Handwritten, signed document from 1950 was sent to his former assistant and scientific partner Ernst Gabor Strauss, discusses physicist’s early work on unified field theory

Stuart Winer is a breaking news editor at The Times of Israel.

A handwritten and signed letter by Jewish-German physicist Albert Einstein, from June 1950, discussing his work on unified field theory, to be offered for auction by the Kedem Auction House, 2019. (Courtesy: Kedem Auction House)
A handwritten and signed letter by Jewish-German physicist Albert Einstein, from June 1950, discussing his work on unified field theory, to be offered for auction by the Kedem Auction House, 2019. (Courtesy: Kedem Auction House)

A letter written by Albert Einstein in which the famed Jewish-German physicist discusses some of his early work on an elusive single theory to explain all the forces of nature is to go up for auction in Jerusalem next week.

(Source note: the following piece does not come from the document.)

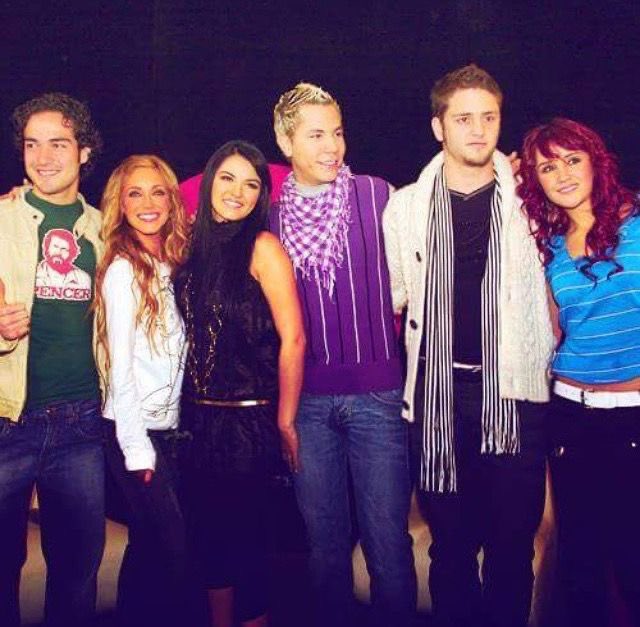 rbd_magia_'s tweet photo. 25 Dias para Que todo comience uff me parece mentira estar 25 dias todo me parece loco no de no tener nada estar punto de vivir lo que esperamos por 15 años se dicen fácil pero h sido un largo camino pero volvería a volver recorrer todo si al final este iba hacer el resueltado ❤️ https://t.co/IStXa7AIvG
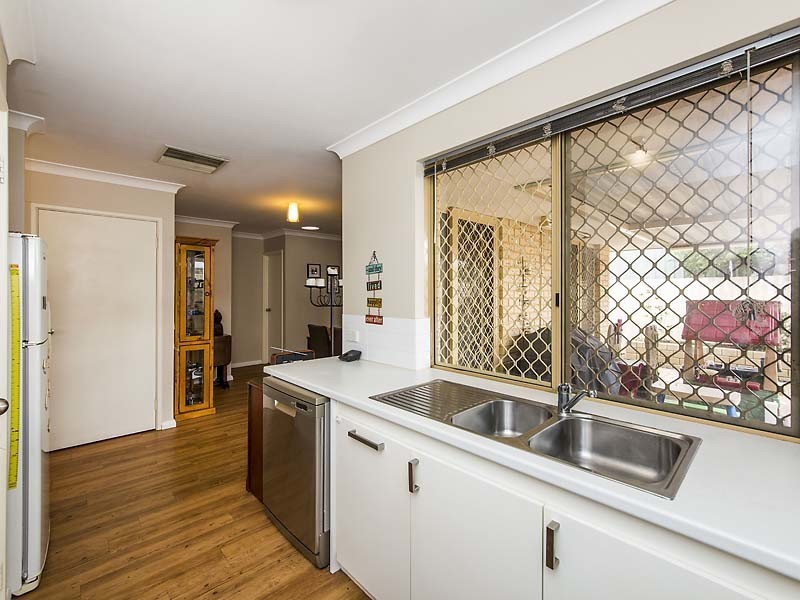 4/33 Chesterton Road, Bassendean WA 6054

The handwritten and signed single-page document, “which includes complex details of evidence regarding his efforts” to discover the so-called unified field theory, will be offered by the Kedem Auction House on December 3, with bids starting at $20,000, the auctioneers said in a statement Thursday.

“I am glad that you are working so hard on the question of compatibility,” Einstein wrote in the letter. “But I do not think your concerns are justified. I would like to formulate the proof so that your letters are taken into account.”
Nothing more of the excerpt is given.